• _Task directions_
Please write out the listing exactly, leaving each picture out.

• _Supplied data_

%%

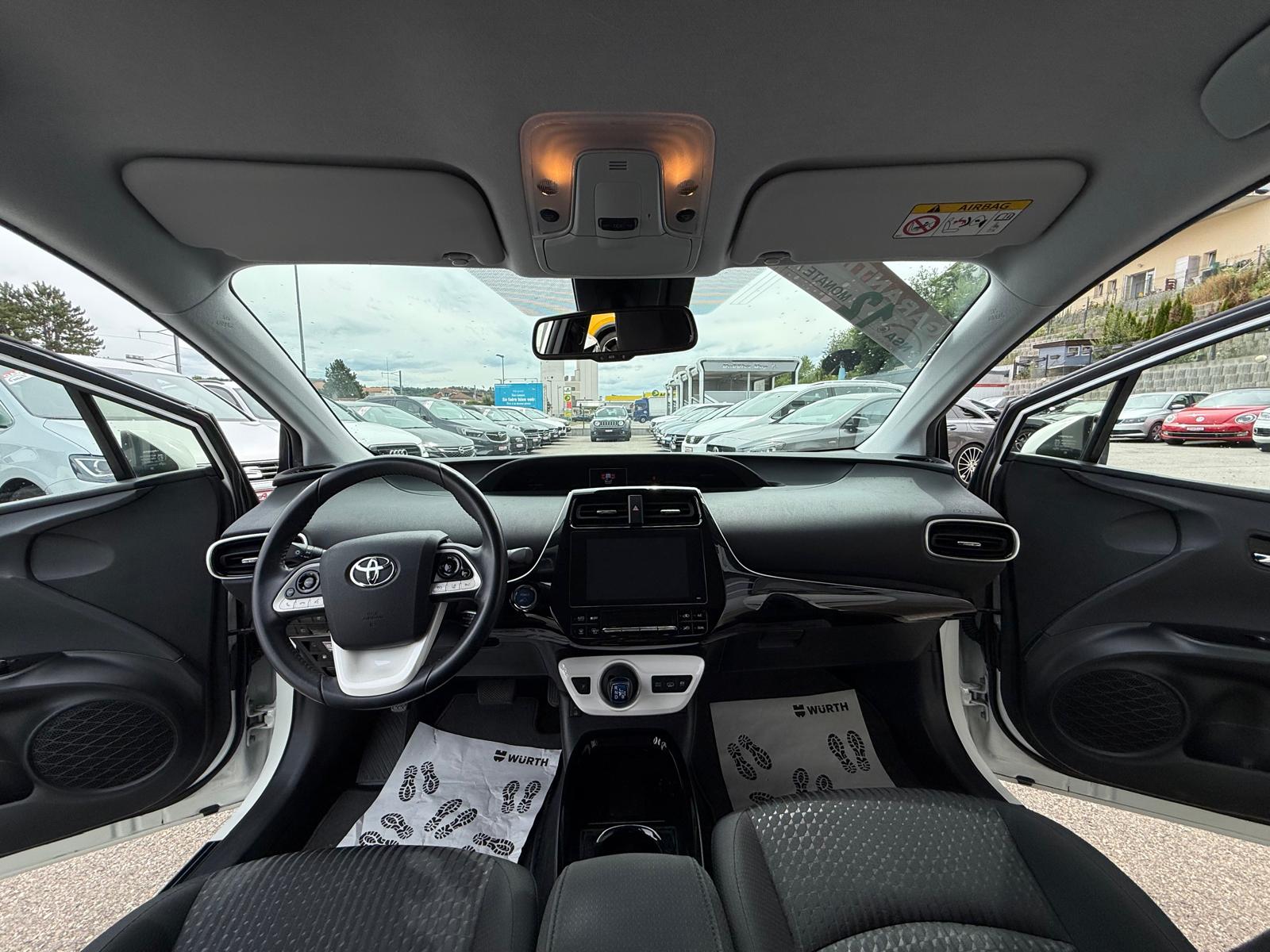 TOYOTA Prius 1.8 VVT-i Plug-in Hybrid Solar-image-8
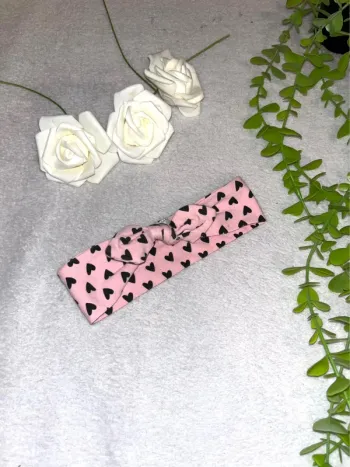 Très beau bandeau avec motif cœurs pour bébé fille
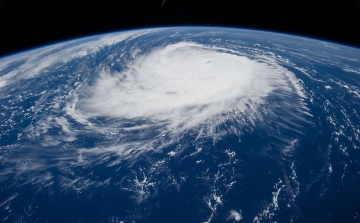 Továbbra is életveszélyes Amerikában a Florence a hurrikán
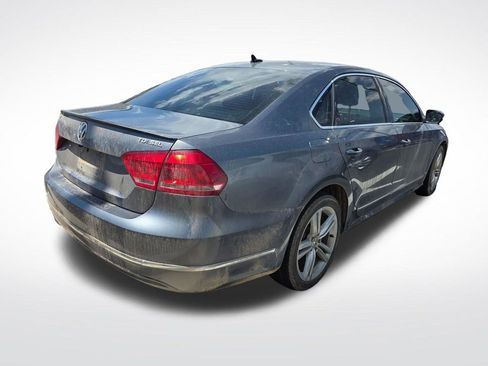 Used 2015 Volkswagen Passat TDI SEL Premium FWD image 4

%%

• _Output below_
 TOYOTA Prius 1.8 VVT-i Plug-in Hybrid Solar-image-8
 Très beau bandeau avec motif cœurs pour bébé fille
 Továbbra is életveszélyes Amerikában a Florence a hurrikán
 Used 2015 Volkswagen Passat TDI SEL Premium FWD image 4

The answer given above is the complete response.